L’argent du Livret A au service de l'industrie de l'armement

Des obus à destination des canons d’artillerie français Caesar utilisés par les forces armées ukrainiennes, dans l’atelier des Forges de Tarbes, le 4 avril 2023.

La loi de finances 2024 confirme que l’épargne collectée par les banques pourra aussi bénéficier aux PME du secteur. 

Du logement… à l’armement. Très largement dévolu au financement de l’habitat social, le Livret A – le plus populaire des produits d’épargne réglementée avec un encours de 405 milliards d’euros – pourra aussi servir à financer les entreprises du secteur de la défense. Dans le cadre de l’examen du projet de loi de finances 2024, dont le volet dépense a été adopté avec un nouveau 49.3, un amendement avait été glissé in extremis mardi 7 novembre par le président de la Commission de la défense nationale et des forces armées de l’Assemblée nationale, Thomas Gassilloud (Renaissance, Rhône), afin de « flécher » l’épargne vers les PME-PMI de la base industrielle et technologique de défense (BITD) comptant 4 000 entreprises, dont la moitié est très importante pour les armées.

M. Gassilloud et les deux autres signataires – Christophe Plassard (Horizon, Charente-Maritime), qui a aussi proposé un livret spécifique et défiscalisé pour financer les entreprises de défense, et Jean-Louis Thiériot (LR, Seine-et-Marne) – avaient fait une première tentative cet été en introduisant l’amendement dans le projet de loi de programmation militaire 2024-2030. Contre l’avis du ministère des finances, qui voyait là un dangereux précédent. Fin juillet, le Conseil constitutionnel avait rejeté l’amendement au motif que ce « cavalier législatif » n’avait rien à faire dans la loi de programmation militaire.

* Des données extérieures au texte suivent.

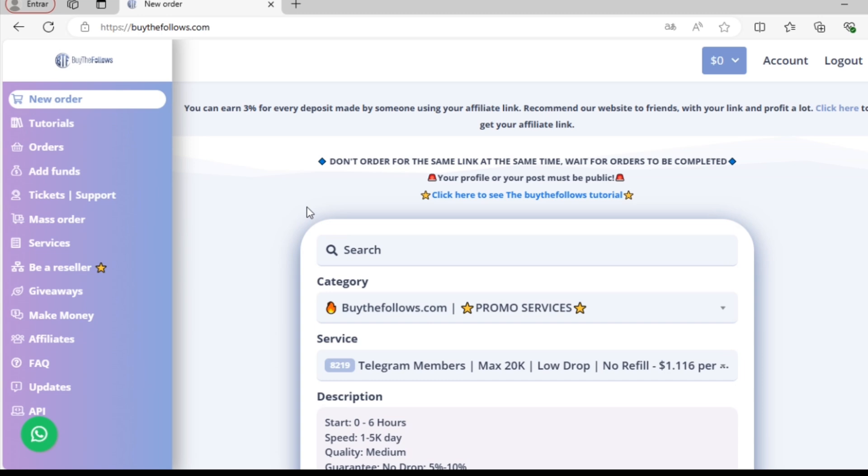Now that we're registered and logged into our account, we're inside our control panel, where we can start browsing and ordering various services.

L’épargne centralisée à la Caisse des dépôts et consignations et destinée au logement social ne sera pas concernée. Seuls les 40 % recueillis par les banques, y compris le Livret de développement durable et solidaire, pourront apporter des fonds aux entreprises de la BITD. Les parlementaires ont également obtenu du gouvernement qu’il fasse le bilan de cette initiative. Elle s’inscrit dans le cadre de l’« économie de guerre » décrétée en juin 2022 par le chef de l’Etat : dans l’hypothèse d’un conflit de haute intensité, Emmanuel Macron veut mobiliser les acteurs économiques susceptibles de concourir à la défense.

Risque réputationnel

« La reprise de cet amendement permet de traduire cette volonté politique claire en acte normatif et efficace », a réagi M. Gassilloud. Cela doit aider l’industrie de défense, qui compte près de 200.000 salariés, souvent dans des entreprises « duales » aux activités civiles et militaires. Or les start-up, les PME et les ETI du secteur essuient des refus de financement, pour se développer, assurer leurs fonds de roulement, exporter. Et il arrive qu’une petite société ne puisse pas ouvrir un compte dans une agence locale.